An editorial from The Intelligencer/Wheeling News-Register

WHEELING, W.Va. — We Americans are a cynical, irreverent people. Except for a few of us who have succumbed to political correctness, we tolerate – even encourage – severe verbal attacks on our political leaders. We laugh at and often are prompted to think about satire directed at them, our social customs, even our religion.

No one is off-limits as a target for investigation and criticism by the news media in this country. Our nation’s founders enshrined that philosophy in the First Amendment.

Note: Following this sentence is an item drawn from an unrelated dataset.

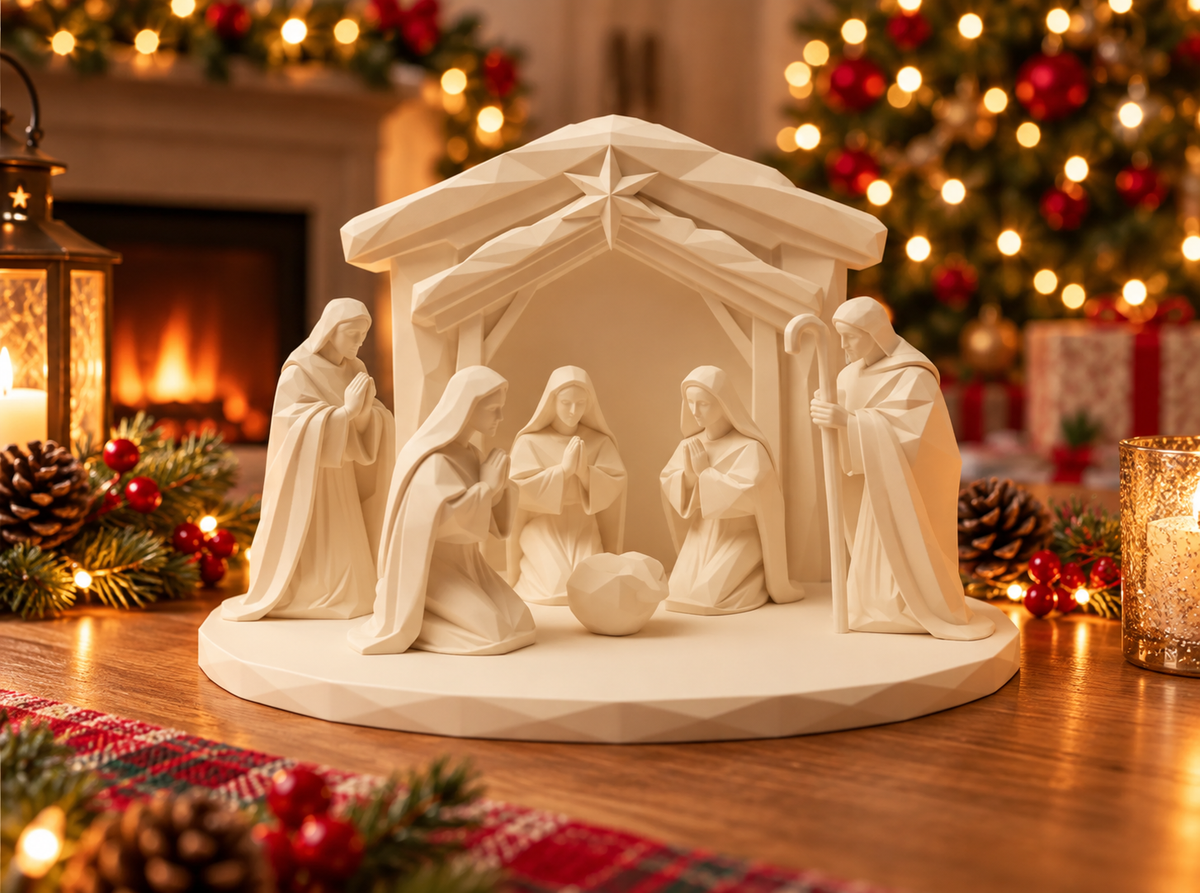 Modern Christmas Nativity Scene | Holy Family Manger Tabletop Decor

Americans often grit their teeth and criticize the press for some of what we do. But overwhelmingly, we consider the Fourth Estate to be not just essential to our form of government, but also to the way we live our lives.

We were reminded Wednesday that not everyone in the world feels that way. Islamic terrorists invaded the office of a satirical newspaper in Paris. They slaughtered 12 people and wounded several others. Most of the victims were journalists.

Islamic terrorists have murdered some journalists during the past several years. But those killings were random, with the victims being individual reporters and photographers who were captured by terrorist groups.

Wednesday’s attack was something entirely different. It was an assault on the very concept of a free, vigorous press.

Islamic terrorists had been critical of the French newspaper, called “Charlie Hebdo,” because it published caricatures of the Prophet Muhammad.

After journalists at the paper and two police officers were gunned down, one of the attackers proclaimed “Hey! We avenged the Prophet Muhammad! We killed Charlie Hebdo!”

Clearly, one of the goals of the massacre was to intimidate journalists everywhere. Nothing radical Muslims consider offensive in any way is to be published, broadcast or posted on the Internet, the terrorists threaten. Disobey that edict and die, they vow.

People who believe in freedom of speech, religion and the press already were implacable enemies of Islamic terrorists. What they want to do to us is, in a word, unacceptable – with all that word implies.

The Paris murderers are wrong. In the most important sense, “Charlie Hebdo” is not dead. And no matter how vicious the terrorists’ campaign becomes, the idea of a vigorous, unfettered press will not die among Americans and other people who refuse to bow to brutality.